これは聞いちゃいけないのかなと思っているものをガンガン言っちゃって構わないとのことである。

 

大澤
p.102: 
結論的に言えば、今までより間口が広くなったと考えていただければいいんですよ。もちろん、いわゆる狭義の文芸批評だっていいわけです。ある種のシンギュラーな出来事性とか、体験とか、霊感とか、そういうものから普遍性へと向かっていくのが思考というものです。

 

大澤
p.102: 文学に触発されて始まったっていいし、ほかのところから、例えばある出来事について考えたものから始まってもいい。ある普遍性へと向かっていく一つの思考様式がそこにあれば。
(改行) もっと言えば、先ほど文科と理科の話があったけれど、文科と理科はもうある意味で一緒になったっていいんです。僕は今、講談社の別の雑誌で、進化生物学とか動物学とか霊長類学とか、そういう理科系分野の仕事と絡んだ連載(「社会性の起原」・「本」誌連載)をしていますけれども、これをやってすごく感じるのは、文科と理科が一緒になることの意義です。

 

大澤
p.103: だから僕らが「群像」で批評をやるというのは、ズバ抜けて間口が広がることだと考えるべきではないか。そういうふうに考えてほしいと思います。

 

大澤
p.104: その感覚[引用者注: 素手]が必要なんですね。ただ、そのときに既に準備されているいろいろな道具をどのぐらい使えるかによって、深みがまた変わってくる。自分で考えるということと、それを例えばデカルトが考えていることとどうシンクロさせられるかということですが。

 

大澤
p.104: みんな本当は薄々思っているけれども、そんなこと聞いちゃいけないのかな、みたいなことになっている疑問です。そういう本当は生の疑問であるものにチャレンジしてほしい。

 

  • 鷲田

 鷲田は小さな感受性を大切にして、そこから一般的なことを議論してほしいとのこと。心がときめくものがいいとのリクエストもある。

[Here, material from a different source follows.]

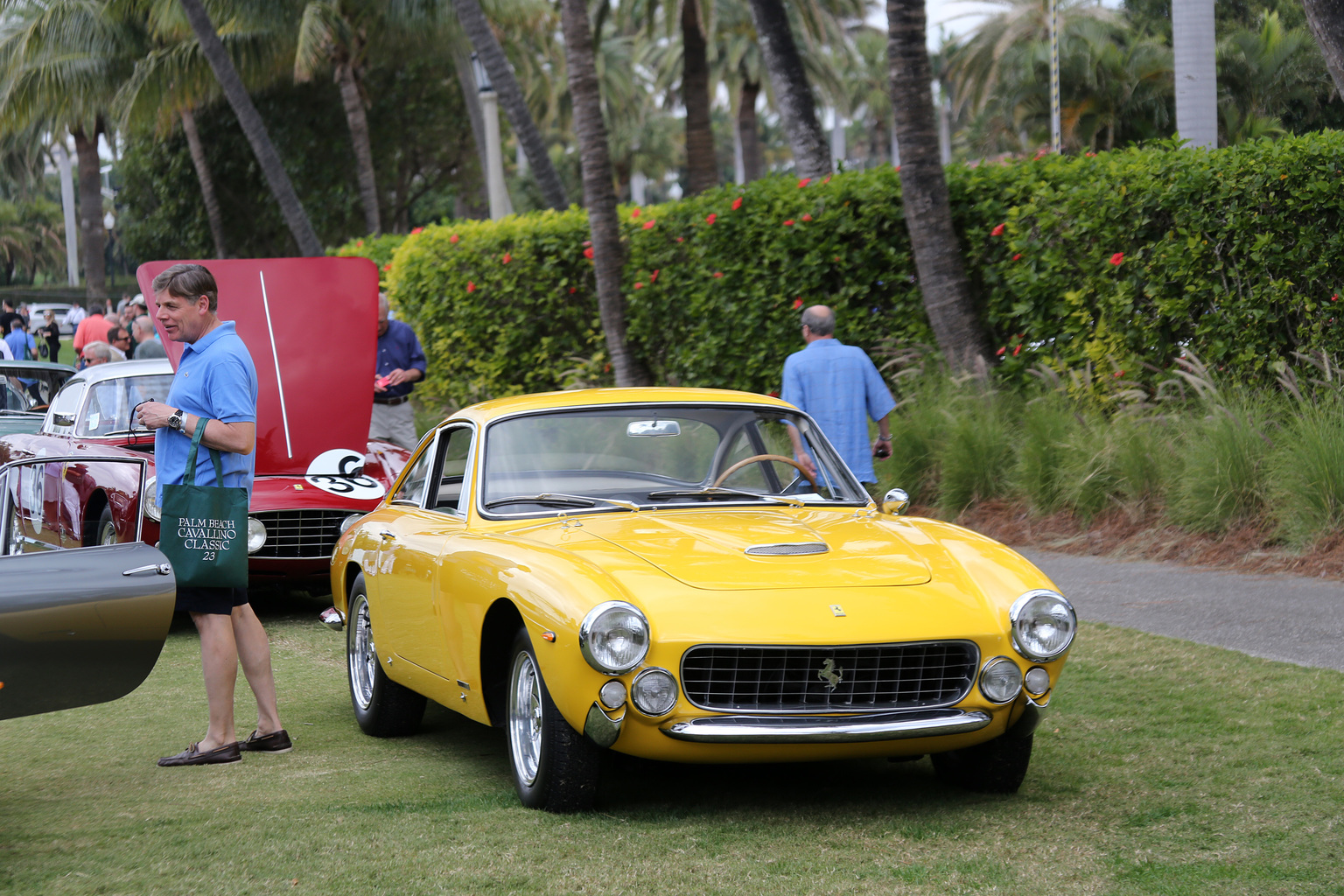 Palm Beach Cavallino Classic 23-2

秋山駿のような目の前の石から哲学が始まるような人を半ば期待している(p.104)。

 鷲田

p.103: さっき熊野さんは哲学論文でも心がときめくと言っていたけれども、新人賞の選考で読ませていただく側の希望としては、やっぱりそういう、心を鷲掴みされるものを読みたいと思います。

 

鷲田
p.103: そのときに、最小のもの、あるいはシンギュラーなものというのは、暮らしの中で感じたささいな事柄、出来事であってもいいし、その人ならではの、例えば詩人がこの世界というものに対してチクチクッと刺すような小さな違和を感じる、その小さなものであってもいいし、あるいはテキストの極小部分であってもいい。

 

鷲田
p.103: ある言葉でもいいし、出来事でもいいし、どんなものでもいいと思うんだけれども、その小さな穴や裂け目を潜り抜けたものを、既成の座標軸に位置づけるのではなく、別の領域にいわば斜交的につなげていってほしい。実はこの小さな感受性、あるいはこの小さな出来事のこの表現はこんな意味を持っているんだ、こんな新しいビジョンにつながっているんだということを見せてくれるのが評論かなと僕は思っているんです。

 

 

まとめ

彼らが望んでいる論文をまとめると

  • 小さいことや特別なことから普遍的なテーマへと議論が進むこと(大澤)。
  • 心がときめくファンタジーな論文(熊野)。
  • 書き方にはこだわらない(鷲田)。
  • 文理の垣根にはこだわらない(大澤)。
  • 生の疑問を問うような論文(大澤)。
  • 自らの手で議論することと哲学者の議論をうまく関係づけられていること(大澤)。
  • 安易に哲学者の引用をすることは逆にマイナス(熊野)。
  • ある程度、西洋の思想をキャッチアップしたもの。それらを咀嚼して対決すること(大澤)
  • テキストに従いながらのオリジナルな論文(熊野)

 といった感じだろうか。

私がかつて考えていたのはゴリゴリの数理哲学であるし、仮に今度提出する論文の内容がゴリゴリの数学の哲学であっても、それはそれでよくないであろう。ある程度西洋の思想をキャッチアップしたうえで、純粋な哲学的議論ができればいいなとは思う。そのようなテーマは一つあるが、問題は二つある。一つは「特異から普遍へ」という要素がほとんどないということである。もう一つはテキストの読解を通じてのオリジナルな論文というものである。このような文献学的な方法はあまり好きではないし、訓練したこともないから苦手である。自由に論じるということと精緻にテキストを読解することのバランスをいかにするのか私にとってかなりの難題である。この両者にはかなりの断絶があるからである。これを成し遂げるのは至難の技である。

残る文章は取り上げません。